ML Filter
Definition
An ML filter is a machine-learning model (typically a neural network or boosted-tree classifier) that scores rule-generated trade signals and rejects low-quality ones. Modern most-profitable scalpers use ML filtering to raise win rates without changing underlying strategy logic — keeping rule-based auditability while adding ML-driven quality screening.
In-depth: ML Filter
ML filters emerged as the dominant architecture for ML-augmented EAs around 2023-2024 because they pair the strengths of rule-based systems (transparency, predictability, auditability) with the strengths of machine learning (pattern recognition in noisy data, adaptive thresholding).
Mechanism:
1. **Rule-based signal generation**: the EA's underlying strategy generates candidate trade signals via traditional rule logic — moving-average crossover, indicator combinations, session-timing filters, etc. This produces a flow of "candidate trades" that meet basic rule criteria but vary widely in quality 2. **Feature extraction**: for each candidate trade, the EA computes a feature vector — typically 20-50 features describing current market structure (volatility, recent trend strength, distance from key levels, volume ratios, session timing, news-event proximity, etc.) 3. **ML model scoring**: a trained ML model (neural network, gradient-boosted trees, or similar) takes the feature vector and outputs a quality score — typically a probability that the trade will be profitable 4. **Threshold filtering**: trades with scores above the threshold are taken; trades below are rejected.
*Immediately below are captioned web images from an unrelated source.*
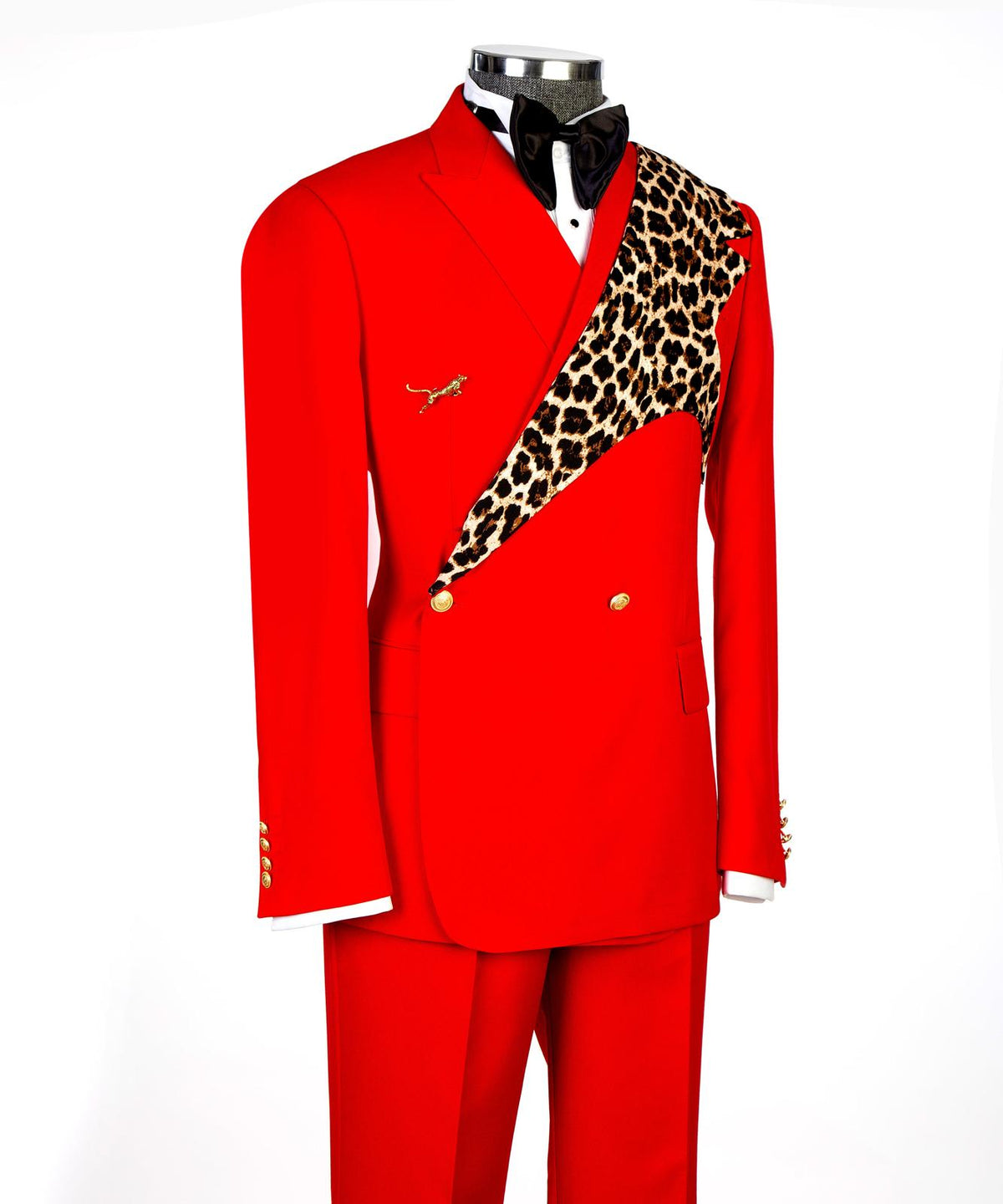 Asymmetric Leopard Lapel Red Tuxedo product image 2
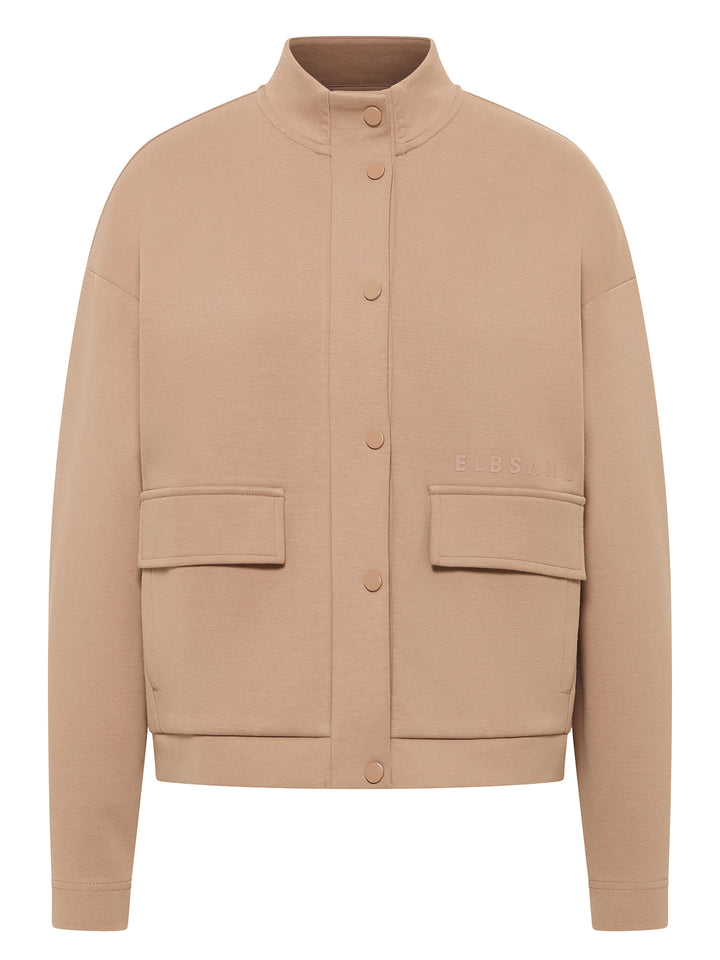 Sweatjacke Suna Nougat
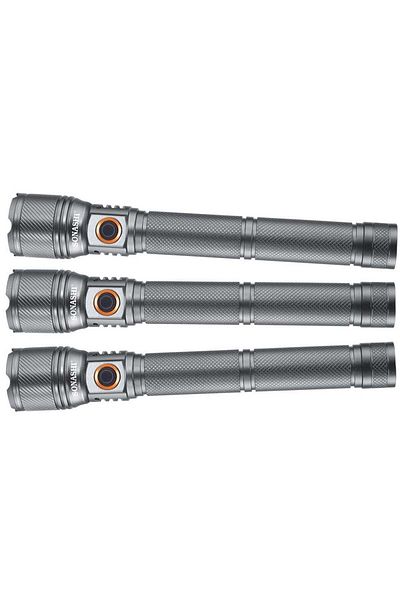 sonashi Rechargeable LED Torch with Zoom Function | 6000mAh Battery with Type-C Charging | 1000 Mete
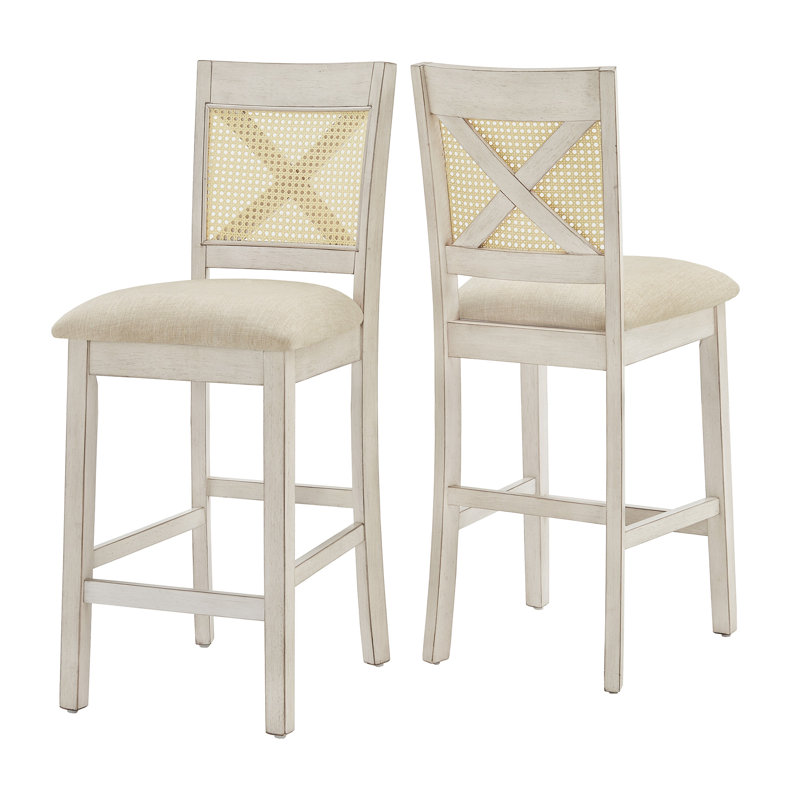 Pulukan 26.32'' Counter Stool, White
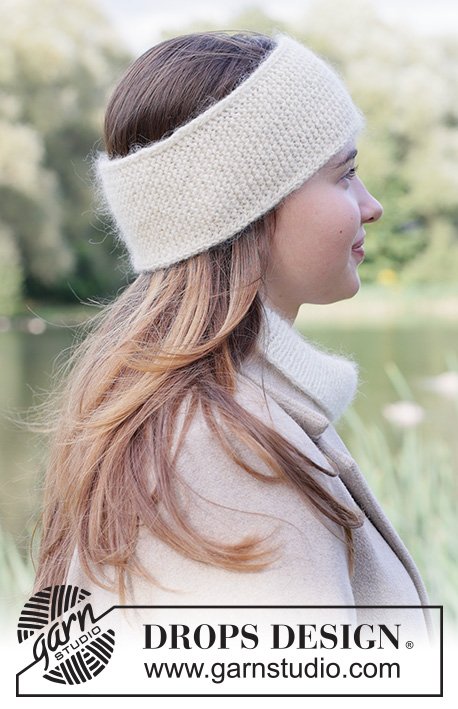 Zestaw na wzór Drops Fuzzy Wrap Headband 1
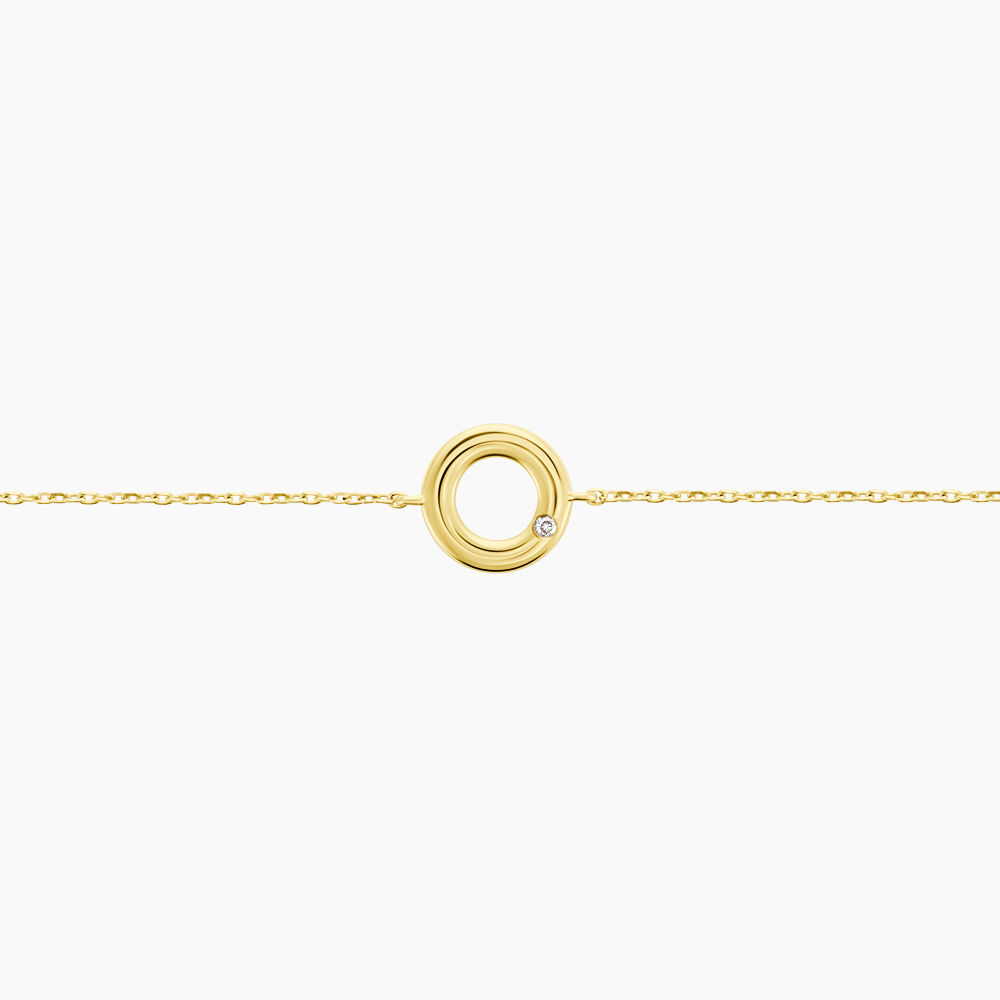 Bracelet Caius Or Jaune Oxyde De Zirconium - Bracelets cha&icirc;nes Femme | Marc Orian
The threshold is calibrated to maximise expectancy: too low and low-quality trades dilute the edge; too high and not enough trades are taken to compound the edge
Why ML filters work better than pure rule-based or pure ML alternatives:
• **Better than pure rule-based**: rule layers alone can't easily learn the complex feature interactions that distinguish high-quality from low-quality candidate signals. ML filtering raises win rate by 5-15 percentage points on rule-based strategies without changing position sizing or fundamental strategy logic • **Better than end-to-end ML**: pure ML systems are black boxes — when they fail, the failure mode is hard to diagnose. ML filters preserve the auditable rule layer, so failures can be attributed to (a) rule layer producing too few or too many candidates, or (b) ML layer mis-scoring candidates. This makes operational maintenance materially easier • **More resilient to ML model decay**: when the underlying strategy edge survives without ML augmentation (just with lower win rates), an ML model that has decayed produces a graceful degradation. End-to-end ML strategies have no fallback if the model decays
Examples of ML filter architecture in production EAs:
• **Scalperology AI**: rules-based M1 XAUUSD scalper with neural-network entry filter. Backtest of the rule layer alone shows ~55% win rate; with the ML filter, ~70% win rate. The rule layer remains transparent; the ML adds precision • **Smart Robot AI**: pattern classifier on multi-asset trend-following signals; ML scores each candidate trend signal and adjusts position size based on confidence • **Phalanx Neural AI**: regime classifier that doesn't directly filter trades but disables trading entirely when the regime classifier's confidence drops below threshold — a coarser ML filter pattern
For EA buyer evaluation: vendors using ML filtering should document the underlying rule layer (so buyers know what the strategy is doing fundamentally) and the ML training cadence (so buyers can assess whether the ML layer is being maintained). Vendors marketing "AI EA" without documenting either are likely using ML filtering as a marketing layer without serious engineering investment in the underlying rule architecture.